The resolution, led by Senators Chris Coons (D-DE) and Tom Cotton (R-AR), comes amid growing concerns that China is closing the AI gap with the United States.

The motion, also cosponsored by Senators Amy Klobuchar (D-MN) and Dave McCormick (R-PA), emphasizes China’s determination to develop frontier AI systems that could challenge U.S. dominance. The senators argue that Beijing’s “inability to make and access computing power is the main impediment to its progress,” urging Washington to maintain tight export controls and keep advanced technology out of Chinese hands.

To preserve U.S. leadership, the resolution calls on the administration to ensure that American companies continue to grant “priority access” to top allies for advanced AI chips, models, and cloud infrastructure—while restricting China and other adversaries.

“We cannot allow China to leap ahead of us and bolster their weapons capabilities, maximize their cyberattacks against American industry, and threaten long-term U.S. economic and national security,” Senator Coons said in a statement. “This bipartisan resolution sets us on a path toward a different future — one in which frontier AI systems are built in the United States by American companies.”

The move comes just days after President Trump appeared to walk back earlier comments suggesting he might allow Nvidia to sell its new Blackwell chip in China. Those remarks drew criticism in Washington, where lawmakers see such sales as undermining national security efforts.

In recent years, the U.S. has imposed sweeping export controls preventing chipmakers like Nvidia and AMD from sending their most advanced processors to China. The measures aim to curtail China’s capacity to train large AI models and power its supercomputing facilities—critical tools in both civilian and military development.

However, Trump’s recent comments about revisiting those restrictions during talks with Chinese President Xi Jinping in Korea sparked unease. Lawmakers say any softening of the rules could accelerate Beijing’s efforts to develop AI-driven weapons systems, cyber tools, and surveillance capabilities.

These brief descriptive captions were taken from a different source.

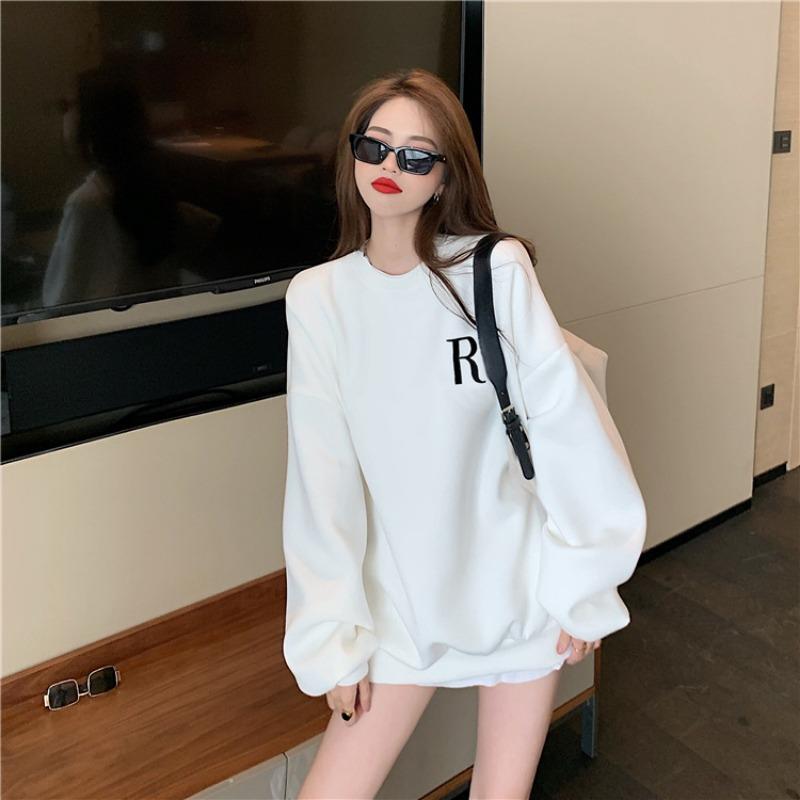 Women Loose Bf Style Retro Korean Casual Long Sleeve Hoodless Pullover Sweatshirt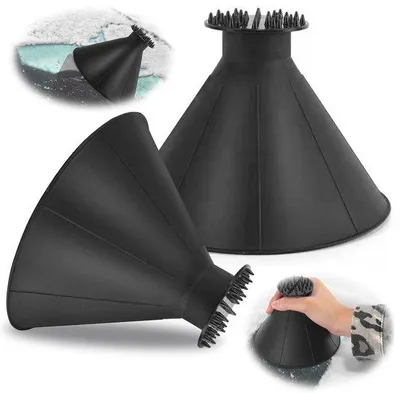 Imagen del producto de Uniqoos® - Juego de 2 rascadores redondos para hielo con embudo, fabricados en ABS, diseño ergonómico, ideales para parabrisas de automóviles, eliminan eficazmente nieve y hielo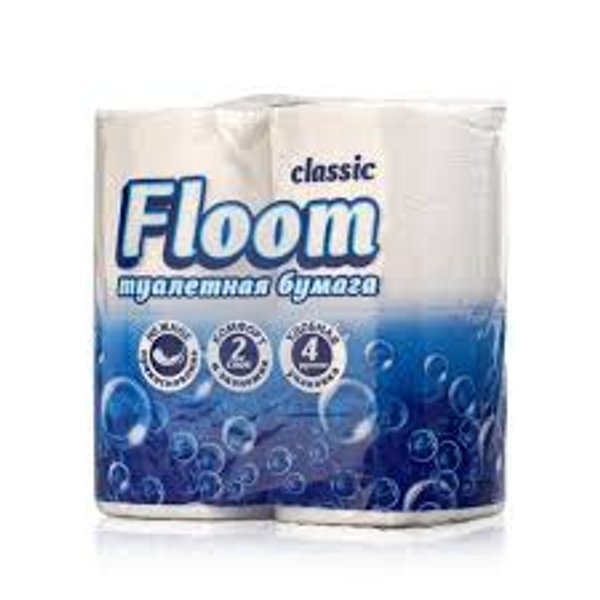 Бумага туалетная Floom classic 4шт 2-слойная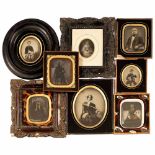 8 Ambrotypes, c. 1850–60Various countries. 1/6 plate to ½ plate, portraits, 1 cracked, mixed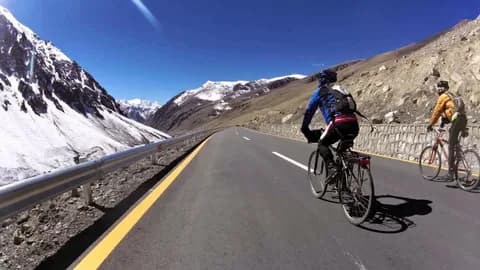 A mountain biker on the Karakoram Highway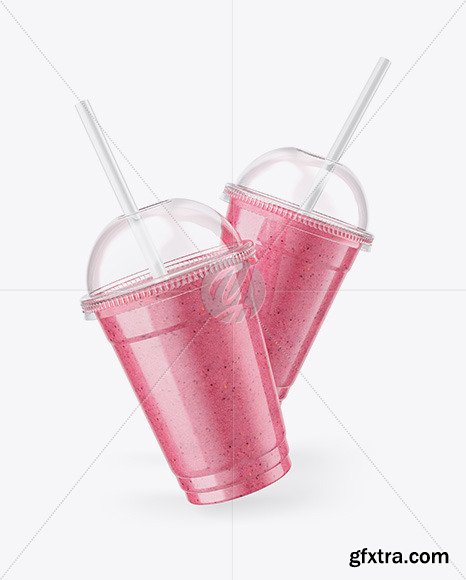 Two Strawberry Smoothie Cups Mockup 83225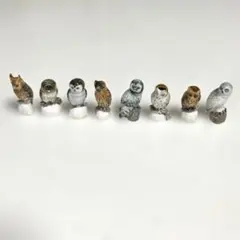陶器　梟（フクロウ）　ミミズク　置き物 ８体セット
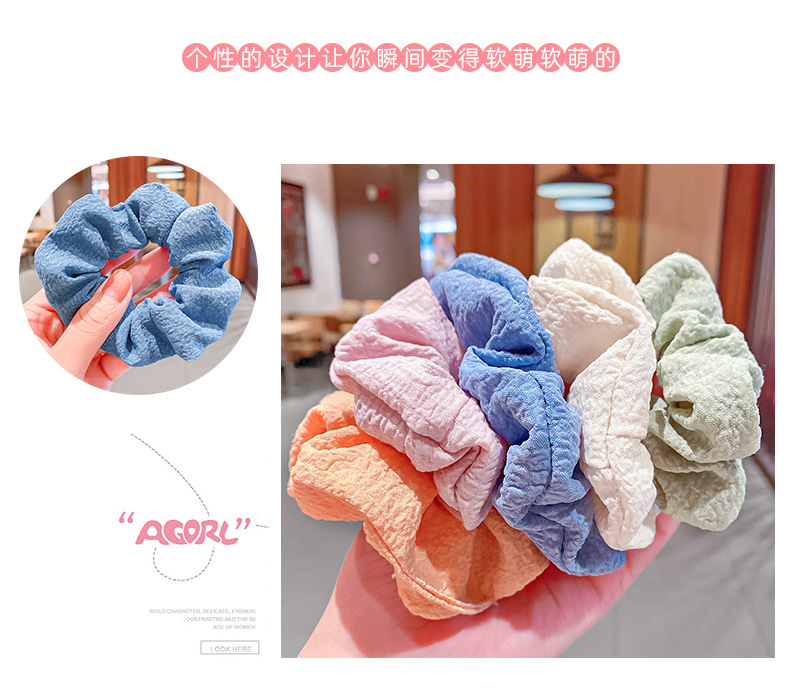 Simple Solid Color Hair Scrunchies Wholeslae display picture 4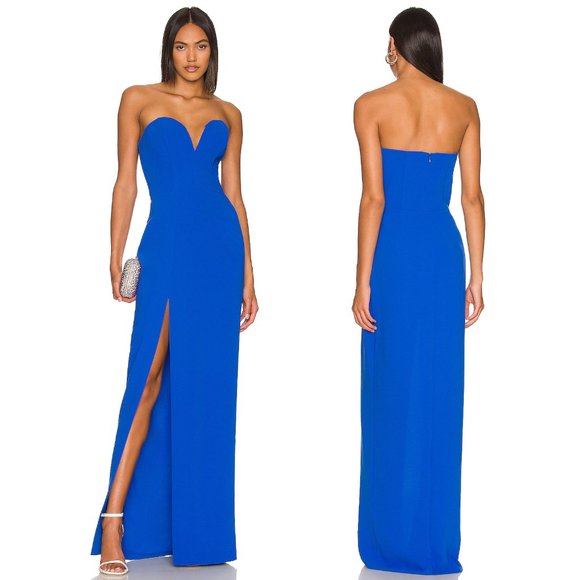 Amanda Uprichard x REVOLVE Cherri Gown in Cobalt Royal Blue Strapless Maxi Dress - Picture 1 of 2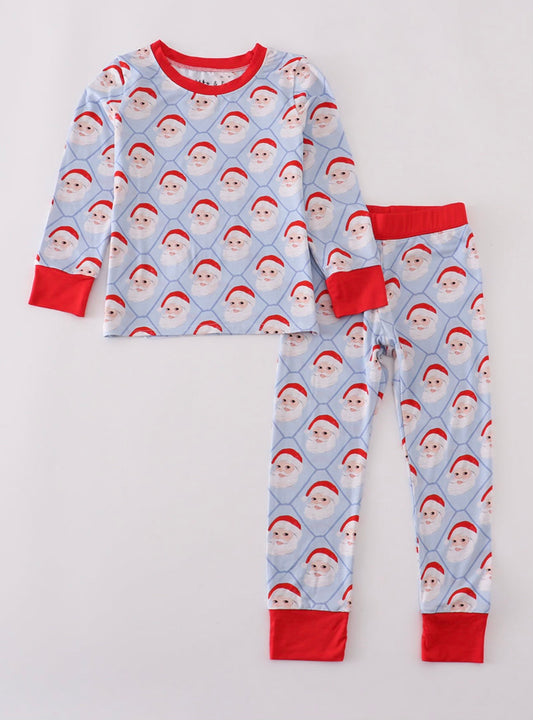 Blue Santa Bamboo Boy PJ Set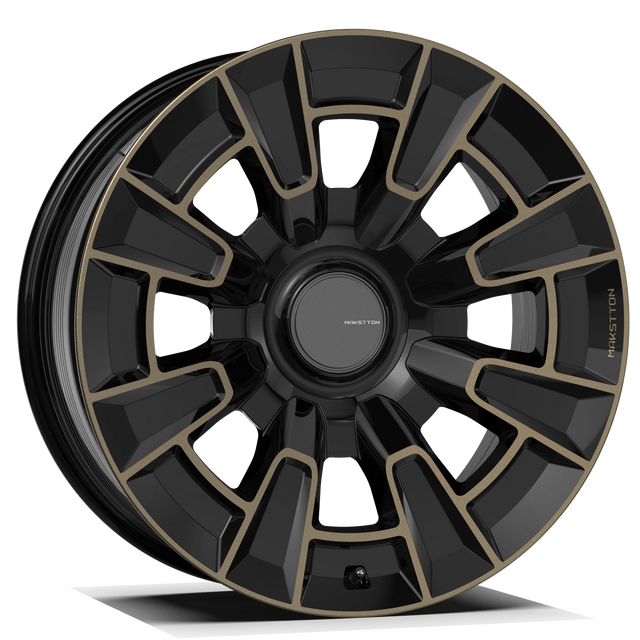 Makstton FG BO HZ8 wheel in black with gold accents, angled front view.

The debate also reflects tensions within the technology industry. In an interview with The Financial Times this week, Nvidia CEO Jensen Huang said he believes “China is going to win the AI race,” citing the country’s lower energy costs and lighter regulatory environment. Though he later clarified that China remains only “nanoseconds behind America,” his remarks intensified concern among U.S. policymakers about how quickly China is catching up.

That fear deepened earlier this year when Chinese startup DeepSeek released AI models that rivaled Western systems in performance at a fraction of the cost. The launch was seen as evidence that China’s AI ecosystem remains highly adaptive despite U.S. export controls.

To offset concerns about market losses, the Trump administration has reached a compromise with Nvidia and AMD, requiring them to pay a 15 percent commission to the federal government on stripped-down versions of their chips sold to China. The deal allows limited exports of modified products that fall below the threshold of U.S. national security restrictions.

The senators’ resolution now adds political weight to calls for tighter safeguards on U.S. technology, framing AI leadership as a pillar of national defense. Analysts say the proposal is part of a broader effort to formalize a long-term strategy that binds together chip design, manufacturing, and AI research under a coordinated national framework.

Since Trump and Xi met in Korea earlier this week—a meeting described by U.S. officials as “constructive but cautious”—relations have remained tense over technology access and trade. The AI chip dispute has become the latest flashpoint in a broader economic standoff between the world’s two largest economies, whose rivalry increasingly hinges on who controls the computing infrastructure of the future.

As the White House weighs next steps, the bipartisan tone of the Senate resolution signals that Washington’s stance on AI exports to China is unlikely to soften anytime soon.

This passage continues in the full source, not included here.